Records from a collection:
▬▬▬

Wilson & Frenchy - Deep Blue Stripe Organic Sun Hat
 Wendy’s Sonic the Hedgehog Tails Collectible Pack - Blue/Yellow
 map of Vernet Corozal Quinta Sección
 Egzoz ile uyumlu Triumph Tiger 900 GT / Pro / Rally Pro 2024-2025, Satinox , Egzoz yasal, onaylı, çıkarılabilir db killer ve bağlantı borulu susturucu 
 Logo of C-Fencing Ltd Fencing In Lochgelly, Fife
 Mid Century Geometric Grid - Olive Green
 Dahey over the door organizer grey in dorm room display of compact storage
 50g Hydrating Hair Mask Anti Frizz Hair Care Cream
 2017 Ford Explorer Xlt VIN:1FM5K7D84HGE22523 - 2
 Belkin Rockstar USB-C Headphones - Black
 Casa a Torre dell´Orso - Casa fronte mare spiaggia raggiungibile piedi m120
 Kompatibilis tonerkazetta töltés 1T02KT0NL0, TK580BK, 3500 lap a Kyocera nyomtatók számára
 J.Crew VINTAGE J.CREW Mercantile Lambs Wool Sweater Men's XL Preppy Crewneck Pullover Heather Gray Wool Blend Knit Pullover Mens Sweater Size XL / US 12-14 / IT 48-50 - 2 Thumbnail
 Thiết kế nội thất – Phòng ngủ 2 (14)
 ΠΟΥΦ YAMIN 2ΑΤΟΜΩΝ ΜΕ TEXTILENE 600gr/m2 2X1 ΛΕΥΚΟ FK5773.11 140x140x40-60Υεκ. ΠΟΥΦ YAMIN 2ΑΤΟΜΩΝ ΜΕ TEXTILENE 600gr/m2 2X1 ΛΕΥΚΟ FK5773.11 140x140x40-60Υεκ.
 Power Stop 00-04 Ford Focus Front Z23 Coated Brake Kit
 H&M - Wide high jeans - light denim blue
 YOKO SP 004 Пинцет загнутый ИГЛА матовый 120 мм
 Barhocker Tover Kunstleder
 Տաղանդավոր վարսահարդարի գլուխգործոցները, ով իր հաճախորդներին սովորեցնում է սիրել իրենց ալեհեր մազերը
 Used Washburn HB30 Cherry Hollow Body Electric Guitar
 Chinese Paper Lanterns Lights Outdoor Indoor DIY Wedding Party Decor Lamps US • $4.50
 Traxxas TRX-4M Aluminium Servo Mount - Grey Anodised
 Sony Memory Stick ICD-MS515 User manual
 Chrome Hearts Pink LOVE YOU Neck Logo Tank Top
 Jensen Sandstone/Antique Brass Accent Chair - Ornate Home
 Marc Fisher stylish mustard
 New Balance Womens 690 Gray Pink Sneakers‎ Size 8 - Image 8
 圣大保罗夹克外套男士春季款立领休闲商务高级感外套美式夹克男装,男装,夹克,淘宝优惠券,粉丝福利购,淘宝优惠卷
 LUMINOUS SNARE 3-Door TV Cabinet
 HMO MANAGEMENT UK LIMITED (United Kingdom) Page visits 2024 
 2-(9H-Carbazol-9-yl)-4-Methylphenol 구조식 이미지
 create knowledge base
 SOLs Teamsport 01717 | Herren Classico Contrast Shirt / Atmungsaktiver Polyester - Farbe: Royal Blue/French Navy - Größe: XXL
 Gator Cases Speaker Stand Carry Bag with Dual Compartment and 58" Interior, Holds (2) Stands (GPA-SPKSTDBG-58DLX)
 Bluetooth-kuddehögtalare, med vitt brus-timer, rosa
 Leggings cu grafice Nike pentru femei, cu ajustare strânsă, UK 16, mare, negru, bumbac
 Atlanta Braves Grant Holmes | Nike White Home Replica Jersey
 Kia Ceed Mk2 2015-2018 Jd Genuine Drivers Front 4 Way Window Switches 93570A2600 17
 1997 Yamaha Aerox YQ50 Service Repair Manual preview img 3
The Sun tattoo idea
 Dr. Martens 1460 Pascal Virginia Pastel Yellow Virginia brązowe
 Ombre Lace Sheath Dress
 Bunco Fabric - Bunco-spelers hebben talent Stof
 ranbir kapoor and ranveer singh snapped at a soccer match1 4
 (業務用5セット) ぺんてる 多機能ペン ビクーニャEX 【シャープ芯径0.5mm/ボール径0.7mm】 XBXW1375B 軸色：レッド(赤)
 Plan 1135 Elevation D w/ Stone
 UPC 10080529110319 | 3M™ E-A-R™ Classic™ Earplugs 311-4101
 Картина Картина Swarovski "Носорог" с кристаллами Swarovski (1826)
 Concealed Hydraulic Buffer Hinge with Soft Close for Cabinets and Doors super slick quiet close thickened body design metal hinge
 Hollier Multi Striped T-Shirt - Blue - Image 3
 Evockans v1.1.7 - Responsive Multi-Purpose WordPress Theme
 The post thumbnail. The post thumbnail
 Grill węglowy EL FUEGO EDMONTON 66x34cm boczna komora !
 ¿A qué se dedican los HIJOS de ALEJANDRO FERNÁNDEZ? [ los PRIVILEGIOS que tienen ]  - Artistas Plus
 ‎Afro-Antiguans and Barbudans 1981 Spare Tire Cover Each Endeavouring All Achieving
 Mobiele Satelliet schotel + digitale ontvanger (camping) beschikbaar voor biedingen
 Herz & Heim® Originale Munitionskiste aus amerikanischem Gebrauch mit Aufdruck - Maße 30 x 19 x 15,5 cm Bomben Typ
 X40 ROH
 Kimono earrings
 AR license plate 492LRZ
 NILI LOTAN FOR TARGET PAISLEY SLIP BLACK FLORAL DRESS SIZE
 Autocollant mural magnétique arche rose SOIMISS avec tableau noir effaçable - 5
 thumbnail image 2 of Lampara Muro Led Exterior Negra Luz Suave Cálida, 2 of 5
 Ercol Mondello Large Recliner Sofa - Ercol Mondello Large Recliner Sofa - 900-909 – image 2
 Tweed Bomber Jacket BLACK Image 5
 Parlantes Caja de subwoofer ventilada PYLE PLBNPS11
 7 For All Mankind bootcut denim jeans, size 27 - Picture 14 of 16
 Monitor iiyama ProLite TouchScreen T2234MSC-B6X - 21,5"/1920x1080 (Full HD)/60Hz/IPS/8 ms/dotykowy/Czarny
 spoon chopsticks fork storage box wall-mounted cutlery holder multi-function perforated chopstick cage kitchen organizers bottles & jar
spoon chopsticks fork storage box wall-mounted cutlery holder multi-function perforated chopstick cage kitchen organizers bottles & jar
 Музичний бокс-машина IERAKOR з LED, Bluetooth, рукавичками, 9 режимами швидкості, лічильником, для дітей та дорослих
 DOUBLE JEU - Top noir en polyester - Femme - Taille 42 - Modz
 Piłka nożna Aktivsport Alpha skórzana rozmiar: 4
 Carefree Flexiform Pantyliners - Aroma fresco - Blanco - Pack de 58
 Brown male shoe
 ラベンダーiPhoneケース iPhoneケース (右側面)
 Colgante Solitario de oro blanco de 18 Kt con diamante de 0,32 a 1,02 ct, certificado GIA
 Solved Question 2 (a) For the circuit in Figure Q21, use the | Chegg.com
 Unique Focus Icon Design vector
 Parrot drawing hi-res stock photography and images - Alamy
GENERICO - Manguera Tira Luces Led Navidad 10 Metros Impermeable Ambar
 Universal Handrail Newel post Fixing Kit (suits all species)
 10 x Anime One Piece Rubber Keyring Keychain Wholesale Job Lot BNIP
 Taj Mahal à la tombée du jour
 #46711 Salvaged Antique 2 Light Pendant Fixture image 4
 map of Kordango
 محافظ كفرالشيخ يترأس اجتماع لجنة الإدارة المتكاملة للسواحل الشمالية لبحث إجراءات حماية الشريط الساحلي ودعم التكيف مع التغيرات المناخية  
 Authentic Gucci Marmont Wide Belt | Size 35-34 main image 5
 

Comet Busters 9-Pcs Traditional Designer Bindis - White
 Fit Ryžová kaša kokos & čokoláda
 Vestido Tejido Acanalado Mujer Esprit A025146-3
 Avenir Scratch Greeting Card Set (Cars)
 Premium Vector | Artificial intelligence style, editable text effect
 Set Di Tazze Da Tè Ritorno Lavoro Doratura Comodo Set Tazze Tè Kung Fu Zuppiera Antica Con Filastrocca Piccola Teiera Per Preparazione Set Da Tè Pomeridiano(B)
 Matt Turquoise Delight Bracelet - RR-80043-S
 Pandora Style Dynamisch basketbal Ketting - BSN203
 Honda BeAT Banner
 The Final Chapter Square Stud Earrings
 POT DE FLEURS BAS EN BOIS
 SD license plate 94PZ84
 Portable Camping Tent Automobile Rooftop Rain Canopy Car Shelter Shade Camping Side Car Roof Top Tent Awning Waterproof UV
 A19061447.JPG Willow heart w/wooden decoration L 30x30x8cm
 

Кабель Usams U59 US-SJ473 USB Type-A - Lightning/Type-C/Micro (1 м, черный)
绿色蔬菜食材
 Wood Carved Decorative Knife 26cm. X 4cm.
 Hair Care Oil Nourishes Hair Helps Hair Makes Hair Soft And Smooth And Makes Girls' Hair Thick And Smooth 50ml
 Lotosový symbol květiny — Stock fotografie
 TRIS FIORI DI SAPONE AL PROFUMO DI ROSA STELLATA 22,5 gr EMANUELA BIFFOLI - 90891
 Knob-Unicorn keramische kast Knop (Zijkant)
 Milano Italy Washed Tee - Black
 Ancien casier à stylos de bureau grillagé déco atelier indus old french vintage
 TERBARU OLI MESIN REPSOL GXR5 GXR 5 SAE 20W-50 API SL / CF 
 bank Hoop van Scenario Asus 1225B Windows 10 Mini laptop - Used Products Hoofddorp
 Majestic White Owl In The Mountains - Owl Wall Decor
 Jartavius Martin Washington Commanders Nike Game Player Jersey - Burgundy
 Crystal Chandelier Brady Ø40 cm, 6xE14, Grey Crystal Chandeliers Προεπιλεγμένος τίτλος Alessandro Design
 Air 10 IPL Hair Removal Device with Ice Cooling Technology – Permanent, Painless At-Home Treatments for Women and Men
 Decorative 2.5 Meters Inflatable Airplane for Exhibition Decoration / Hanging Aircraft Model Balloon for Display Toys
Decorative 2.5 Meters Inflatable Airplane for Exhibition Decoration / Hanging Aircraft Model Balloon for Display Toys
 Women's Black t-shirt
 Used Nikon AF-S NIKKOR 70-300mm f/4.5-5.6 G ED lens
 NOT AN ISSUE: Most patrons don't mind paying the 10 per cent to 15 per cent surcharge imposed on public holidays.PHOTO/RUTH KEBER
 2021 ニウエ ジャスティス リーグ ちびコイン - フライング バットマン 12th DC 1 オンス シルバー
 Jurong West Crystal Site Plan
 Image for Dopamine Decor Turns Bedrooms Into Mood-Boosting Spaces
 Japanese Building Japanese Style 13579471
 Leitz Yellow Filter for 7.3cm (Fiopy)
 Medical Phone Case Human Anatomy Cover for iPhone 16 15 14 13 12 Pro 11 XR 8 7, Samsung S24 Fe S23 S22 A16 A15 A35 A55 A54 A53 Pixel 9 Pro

▬▬▬

Exactly the lines from the one that holds "TRIS FIORI DI" through the final line of the records above should be written out, and only those.

 TRIS FIORI DI SAPONE AL PROFUMO DI ROSA STELLATA 22,5 gr EMANUELA BIFFOLI - 90891
 Knob-Unicorn keramische kast Knop (Zijkant)
 Milano Italy Washed Tee - Black
 Ancien casier à stylos de bureau grillagé déco atelier indus old french vintage
 TERBARU OLI MESIN REPSOL GXR5 GXR 5 SAE 20W-50 API SL / CF 
 bank Hoop van Scenario Asus 1225B Windows 10 Mini laptop - Used Products Hoofddorp
 Majestic White Owl In The Mountains - Owl Wall Decor
 Jartavius Martin Washington Commanders Nike Game Player Jersey - Burgundy
 Crystal Chandelier Brady Ø40 cm, 6xE14, Grey Crystal Chandeliers Προεπιλεγμένος τίτλος Alessandro Design
 Air 10 IPL Hair Removal Device with Ice Cooling Technology – Permanent, Painless At-Home Treatments for Women and Men
 Decorative 2.5 Meters Inflatable Airplane for Exhibition Decoration / Hanging Aircraft Model Balloon for Display Toys
Decorative 2.5 Meters Inflatable Airplane for Exhibition Decoration / Hanging Aircraft Model Balloon for Display Toys
 Women's Black t-shirt
 Used Nikon AF-S NIKKOR 70-300mm f/4.5-5.6 G ED lens
 NOT AN ISSUE: Most patrons don't mind paying the 10 per cent to 15 per cent surcharge imposed on public holidays.PHOTO/RUTH KEBER
 2021 ニウエ ジャスティス リーグ ちびコイン - フライング バットマン 12th DC 1 オンス シルバー
 Jurong West Crystal Site Plan
 Image for Dopamine Decor Turns Bedrooms Into Mood-Boosting Spaces
 Japanese Building Japanese Style 13579471
 Leitz Yellow Filter for 7.3cm (Fiopy)
 Medical Phone Case Human Anatomy Cover for iPhone 16 15 14 13 12 Pro 11 XR 8 7, Samsung S24 Fe S23 S22 A16 A15 A35 A55 A54 A53 Pixel 9 Pro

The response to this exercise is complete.